Turkey's elections, EU membership and the Palestinian crisis
Saturday, October 20, 2007
The Washington-based International Republican Institute (IRI) organized a panel in Istanbul titled 'Religious Expression in a Secular State'
Turkish Daily News
ISTANBUL
The Washington-based International Republican Institute (IRI) organized a panel discussion in Istanbul titled Religious Expression in a Secular State where about 30 experts from Turkey discussed the different models of secularism found in Turkey and in the West.

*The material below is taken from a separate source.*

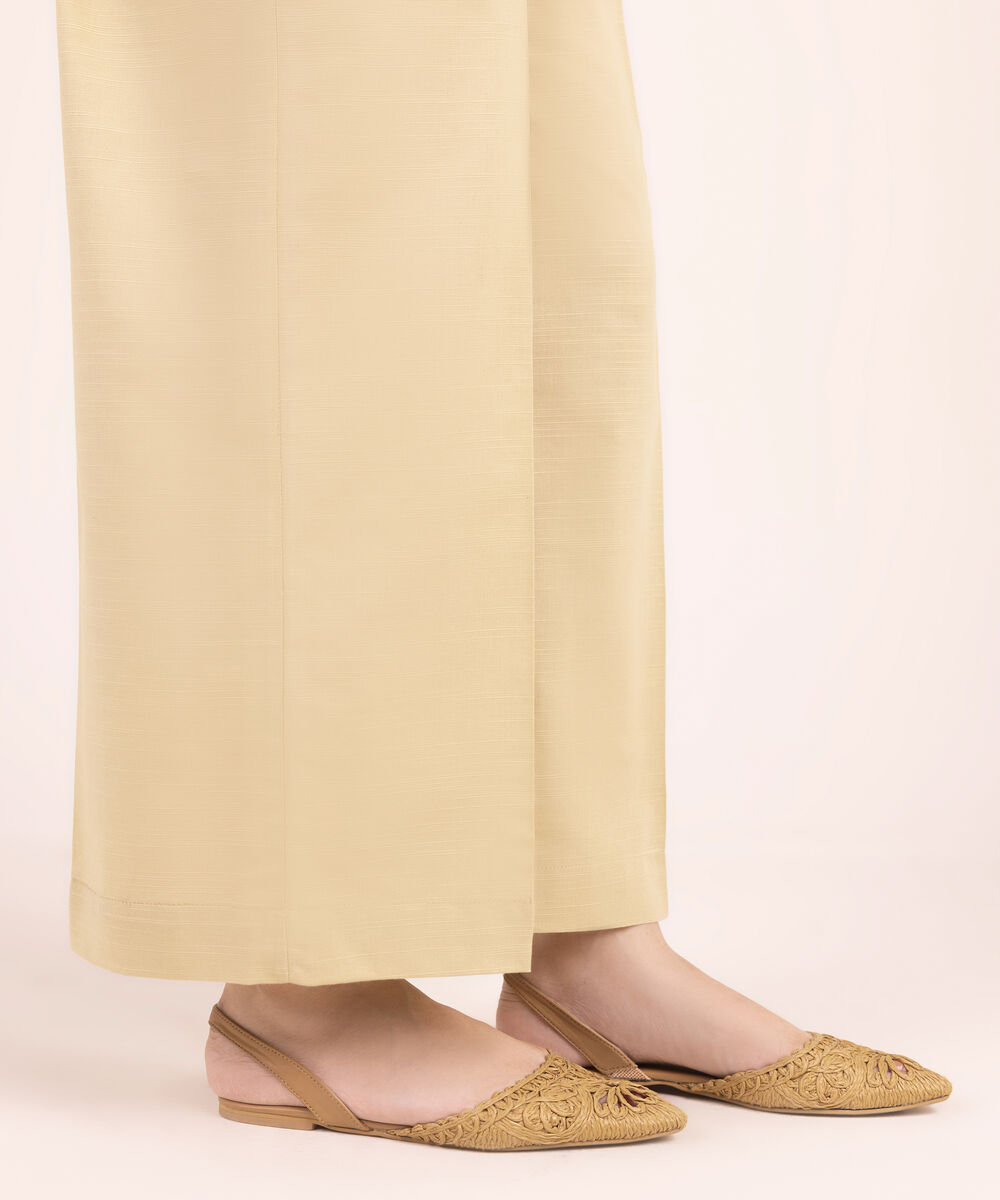 Women's RTW Khaddar Solid Beige Flared Pants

Speakers included Turkish Daily News writers Mustafa Akyol and Cüneyt Ülsever, Islamic commentators Ali Bulaç and Abdurrahman Dilipak, academics, and politicians such as Ayse Böhürler, a member of the central administrative board of the ruling Justice and Development Party (AKP).

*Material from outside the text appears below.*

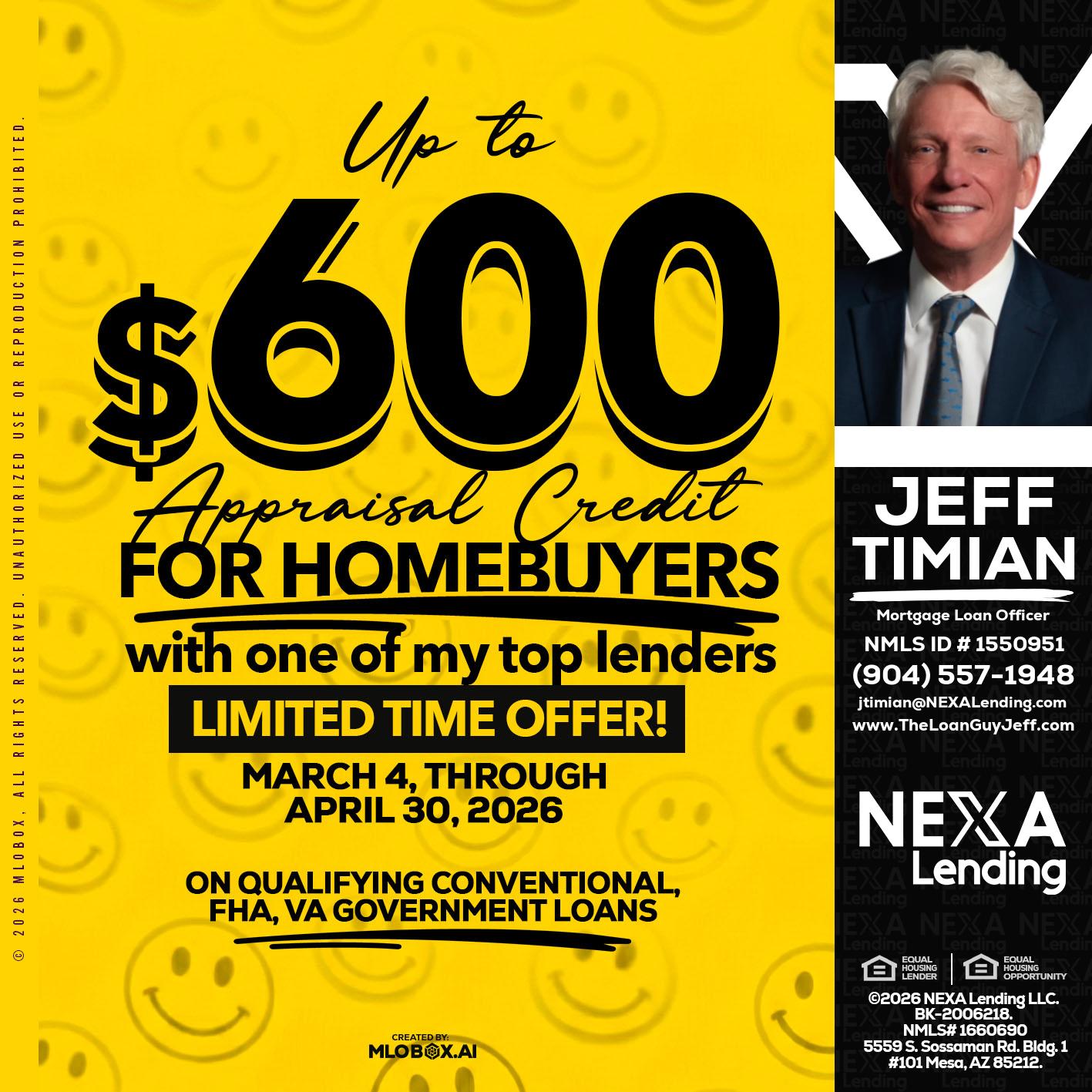 UP TO 600 - Jeff Timian -Mortgage Loan Officer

Most speakers emphasized the compatibility of Islam with a secular legal system that respects and protects the rights of religious believers. Yet Turkey's experience with secularism, as most speakers have noted, has been different, because here secularism is more clearly defined in the laic tradition, which means the domination of the state over religion (or the protection of the state from religious influence), rather than the separation of the two (or protection of religious freedoms from the state).
Another issue pointed out by panelists was the role of economics as an underlying factor in Turkey's debates over secularism. Ülsever argued that the war of symbols such as the one on the headscarf is actually a class conflict between the urban seculars and the rural conservatives. Dr. Ersin Kalaycioglu said that the headscarf has become an issue in European countries like Britain, too, and Turkey should keep an eye on the developments there.
The panel, chaired by IRI's Regional Program Director Lindsay Lloyd and Turkey Program Director Ayse Arkis, is one in a series of meetings in Turkey in which different versions of secularism are highlighted and discussed.